Quando me encarei nessa foto, fiquei rindo sozinha. Olhando para ela percebi que eu tinha me transformando em uma das minhas personagens: Mercedes Ramón. 
Para quem não a conhece, brinco dizendo que Mercedes é a faxineira que trabalha para mim. É a ela quem recorro quando preciso de energia para encarar aquela bagunça que se acumula pelos cantos da casa. Mercedes sabe que a lida de quem trabalha em casa é pesada mas nem por isso precisa ser um lamento. 
Quando chega, prende o cabelo no alto para manter os fios longe do suor do pescoço, passa sem jeito um batom vermelho nos lábios feito menina quando rouba a maquiagem da mãe e por onde passa deixa um aroma com notas de alecrim e lavanda. 

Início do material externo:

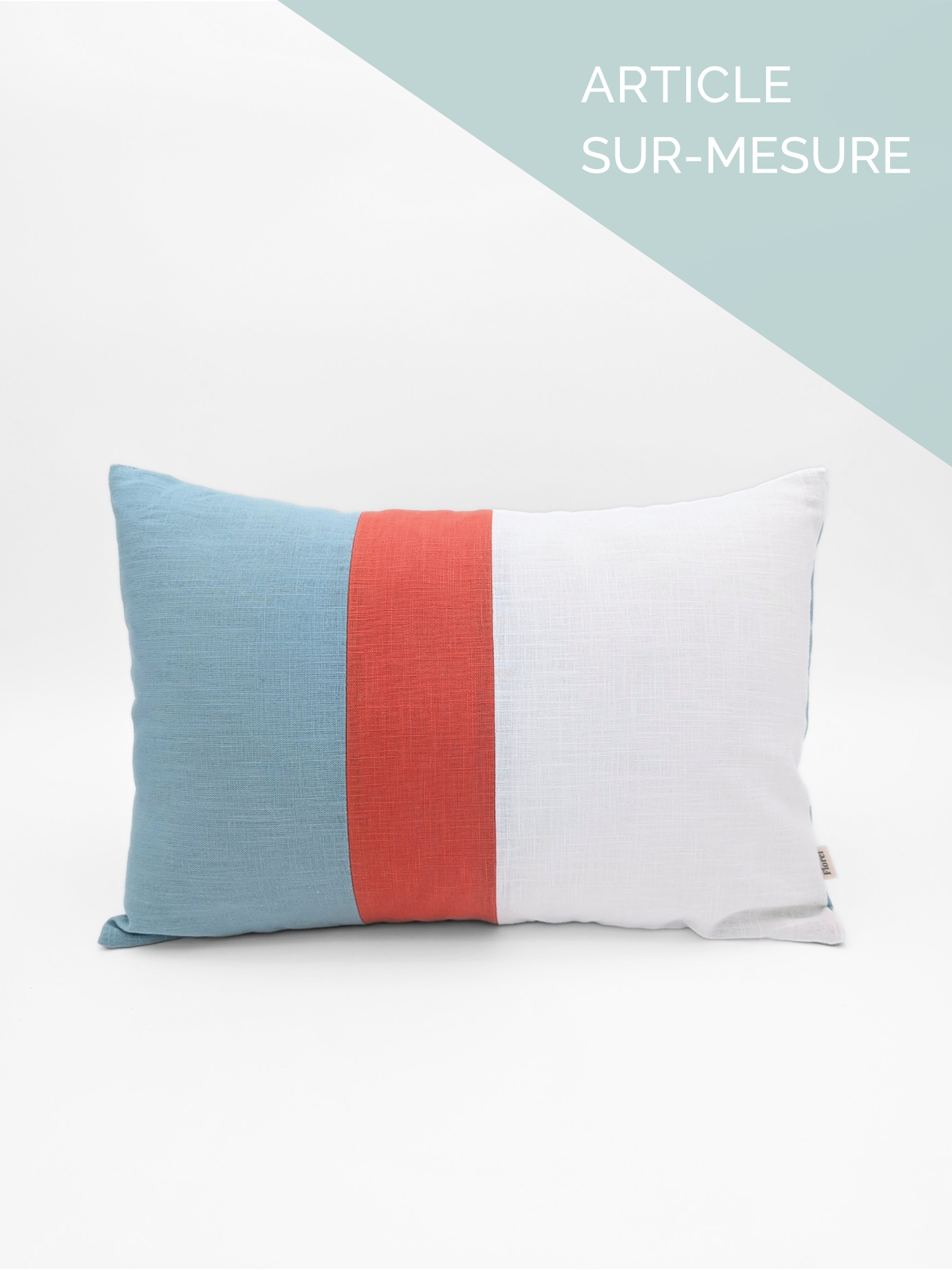 Housse de coussin PUR LIN - 13"x18" - Modèle C (tricolore) * SUR-MESURE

Mercedes diz que para mandar a sujeira embora é preciso dançar, movimentar a energia do corpo e também do lar. Mexe os quadris enquanto dança com a vassoura, relembra das noites de verão em Cochabamba quando dançava nos braços do seu amado. Me contou certa vez que ele a deixou, partiu sem dizer adeus e que hoje resta apenas as memórias de um amor que não aconteceu. Carrega no olhar o encanto de ser sobrevivente da sua própria trajetória, de quem já conseguiu nomear e abraçar suas sombras. E com passos de cigana, quase uma feiticeira, ela rodopia pela sala varrendo a sujeira e afastando os maus espíritos com o tilintar dos seus brincos.
Olhando essa foto me lembrei de Mercedes, mas também constatei que as vezes a gente muda para continuar sendo a gente.